I was too sick last week to publish this month’s Inspire post. I didn’t have anything come to me for inspiration, which to be honest, is usually how it goes. Either a quotation or a picture – something starts the post off in my mind, but not this time.

As I kept staring at the continually postponed space in the planner, nothing came, and as I recovered a few days later, I spent time catching up on everything I’d missed.

And still, the idea of gratefulness kept returning to mind. Lent has a way of turning thoughts inward. More praying, more meditating, more contemplation, and yes, more gratitude. It is a quieter few weeks as we think on the journey to Easter and the Resurrection, and in the quiet, we are able to be with our thoughts and see the blessings and the gratitude that we often miss along the way in our cluttered minds.

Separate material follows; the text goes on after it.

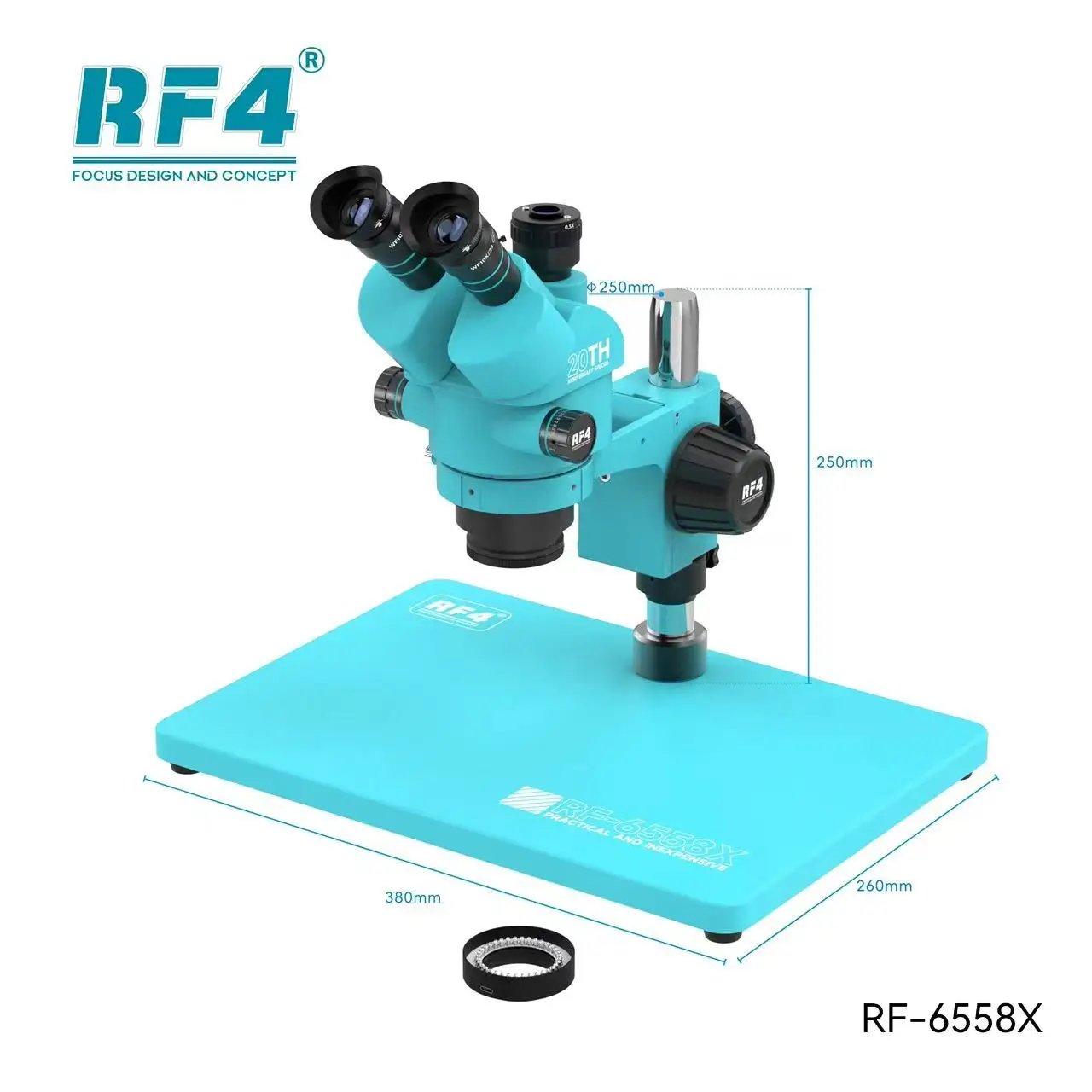RF4 RF-6558X Electronics Trinocular Microscope for Phone PCB Soldering Welding Tool With Alloy Maintenance Stand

Was it not doom-scrolling on Twitter, checking each morning that the world was still intact? I was certainly grateful for that.

Was it the covid relief money that our family received this weekend? I am very grateful for that. I paid all of my bills on Sunday. We’re even considering a home improvement, although that will take more discussion.

Was it teacher friends getting their vaccines?

Was it new Press Secretary, Jen Psaki, a brilliant, direct, honest representative of the Biden Admnistration? Watch her daily briefings and see what I mean.

Was it just the very idea of the Biden Administration being in charge? Waking up this morning to a quiet Twitter, the President visiting with his grandchildren at his family home and attending Sunday Mass? It’s certainly different.

This week, I’m filled with gratitude. For the researchers, the scientists, the doctors, the ongoing competence with the vaccine roll-out, and on a personal note for everyone I will encounter tomorrow at the vaccine site where I will be receiving my first dose!

With credit to the gratitude I feel to those who have gone before me, I will publish pictures and a listing of side effects (if any) that I encounter.

I feel very strongly that everyone who can get vaccinated should get vaccinated, and I also feel that everyone should have all of the information available to them. Side effects are individual and not everyone gets them. Knowing what you may expect before you go is the first step in moving past the pandemic year. It may sound cliche, but knowledge is power. I hope to add to your knowledge and I’d be grateful for your good thoughts and prayers.